▽

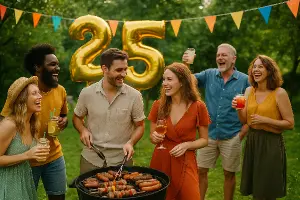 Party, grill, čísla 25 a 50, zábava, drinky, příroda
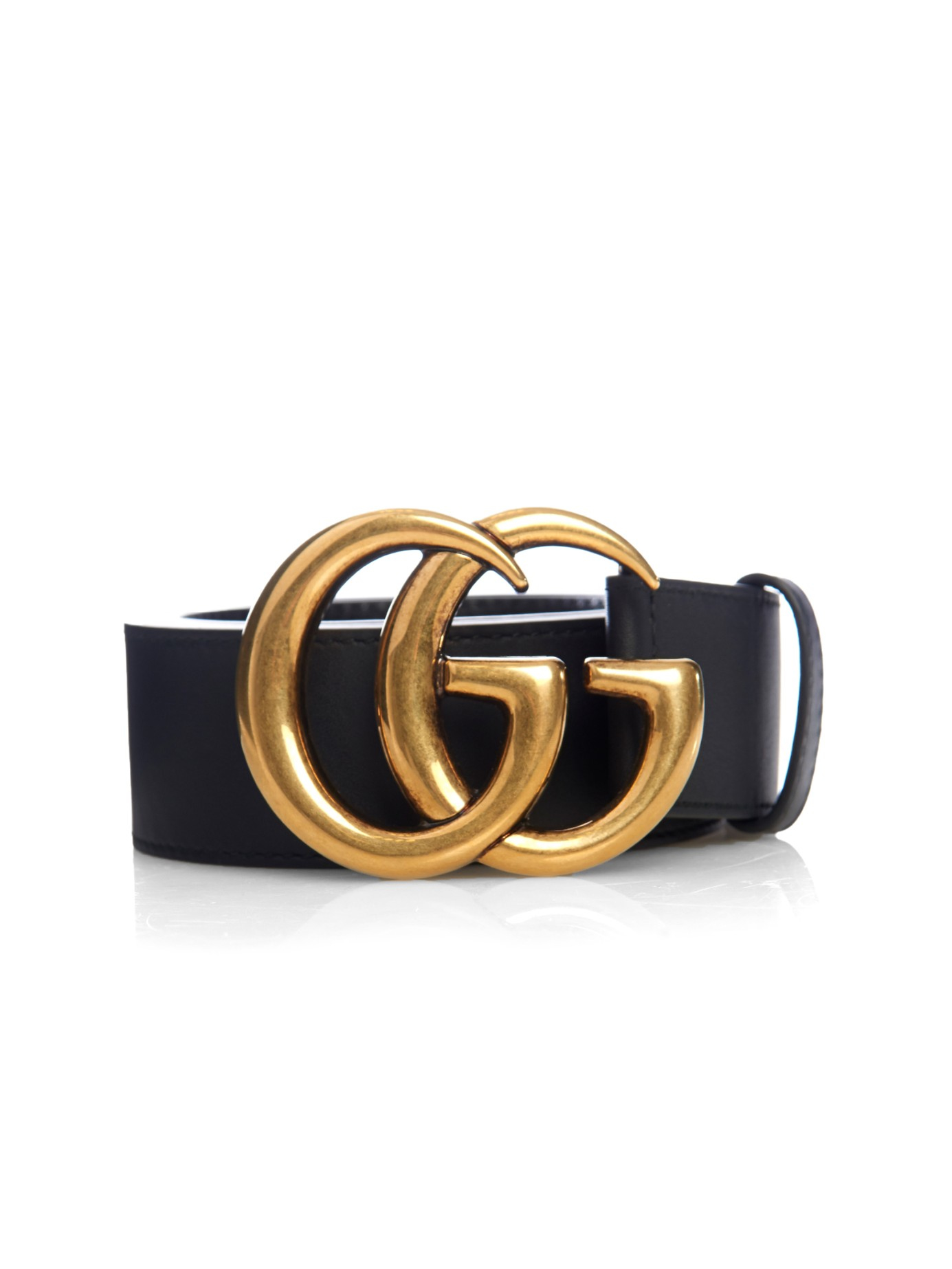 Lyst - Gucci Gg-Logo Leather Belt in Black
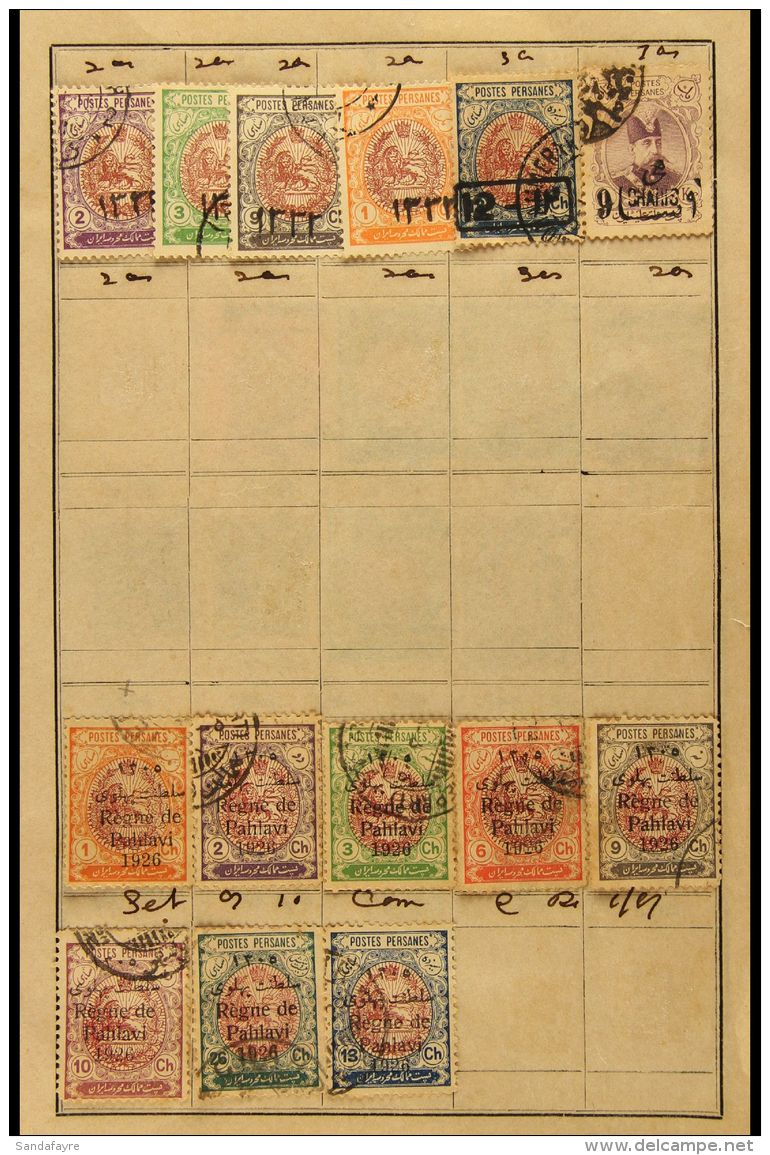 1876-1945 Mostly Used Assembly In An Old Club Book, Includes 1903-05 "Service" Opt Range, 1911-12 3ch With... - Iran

△
▽

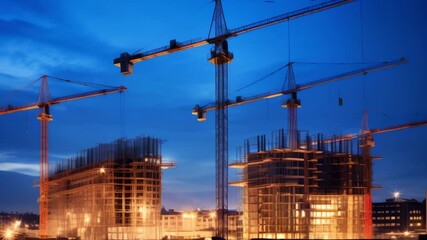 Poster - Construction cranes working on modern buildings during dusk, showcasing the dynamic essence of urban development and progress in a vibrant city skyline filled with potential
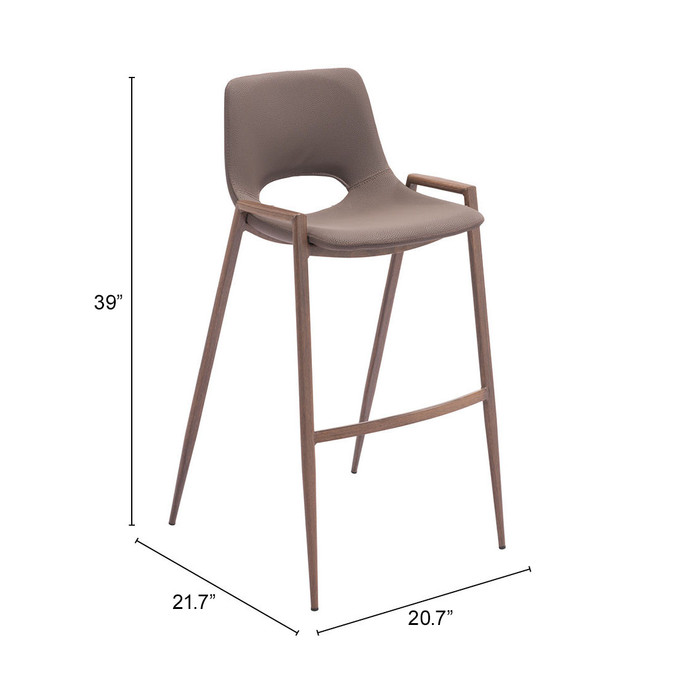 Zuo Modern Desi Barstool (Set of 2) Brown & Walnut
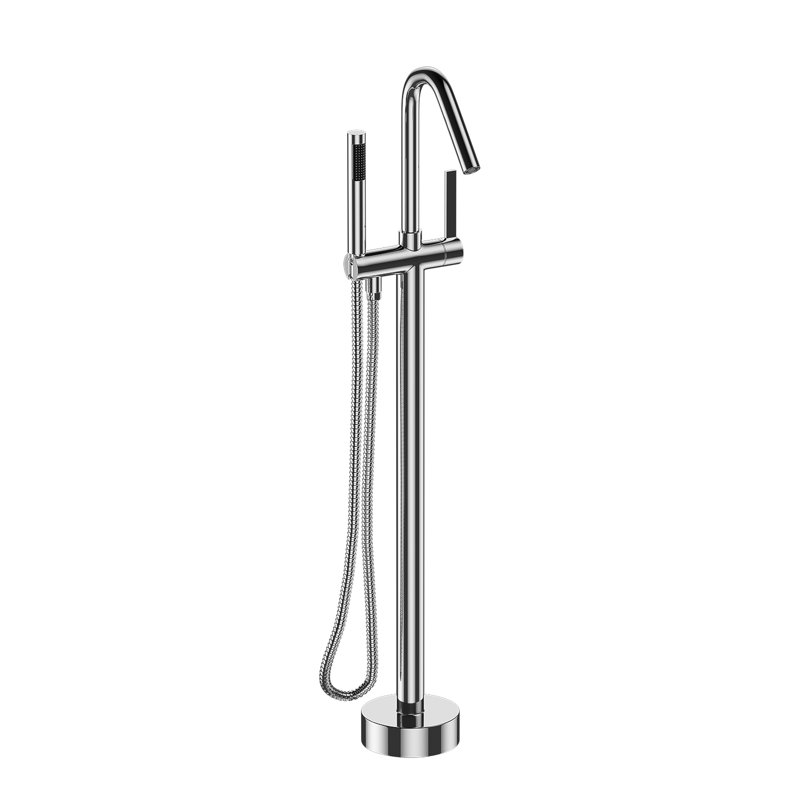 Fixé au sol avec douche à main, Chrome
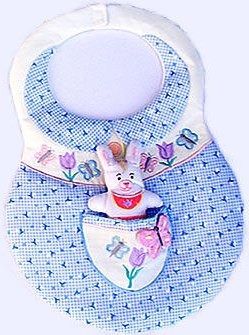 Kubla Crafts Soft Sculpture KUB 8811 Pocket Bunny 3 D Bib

△
▽

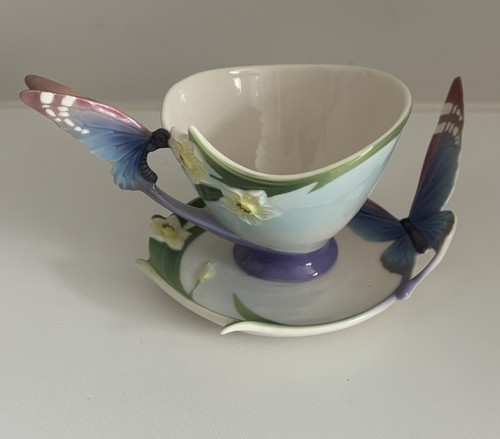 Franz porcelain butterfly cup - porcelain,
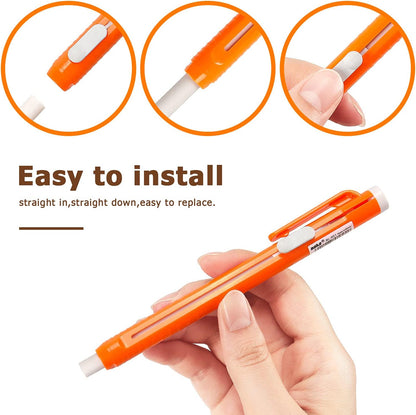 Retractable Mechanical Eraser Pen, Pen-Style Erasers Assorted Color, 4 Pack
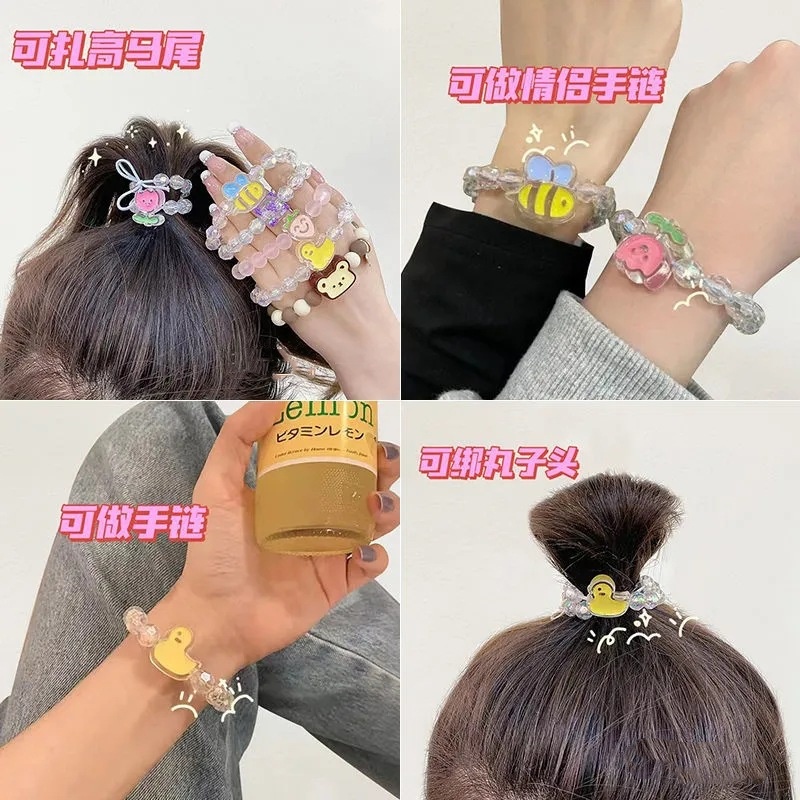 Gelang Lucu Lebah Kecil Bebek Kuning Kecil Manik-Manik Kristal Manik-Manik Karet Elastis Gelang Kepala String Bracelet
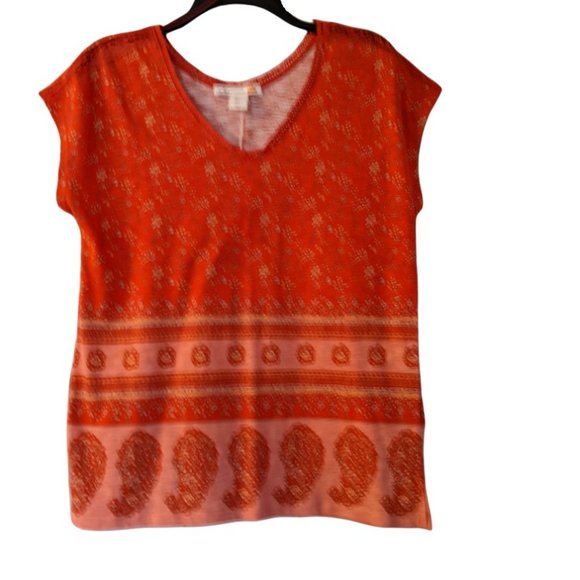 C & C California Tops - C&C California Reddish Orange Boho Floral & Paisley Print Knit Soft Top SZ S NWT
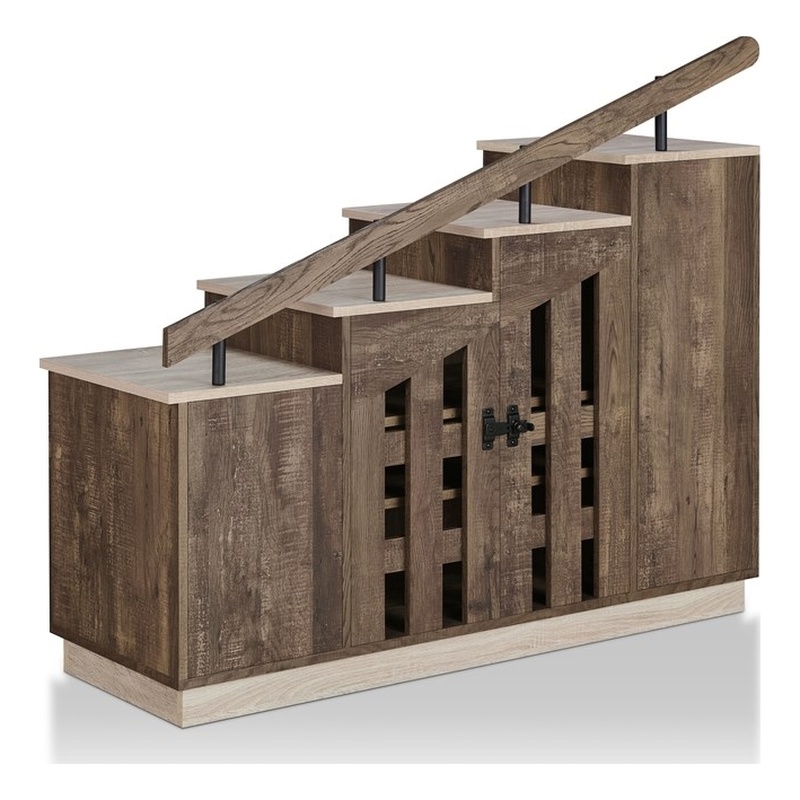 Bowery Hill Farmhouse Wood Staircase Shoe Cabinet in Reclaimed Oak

△

Problem requirements
Look through the listing above for the line with "Party, grill, čísla" and the line with "1876-1945 Mostly Used". Write out exactly those lines and everything between, leaving out pictures.

Written response
 Party, grill, čísla 25 a 50, zábava, drinky, příroda
 Lyst - Gucci Gg-Logo Leather Belt in Black
 1876-1945 Mostly Used Assembly In An Old Club Book, Includes 1903-05 "Service" Opt Range, 1911-12 3ch With... - Iran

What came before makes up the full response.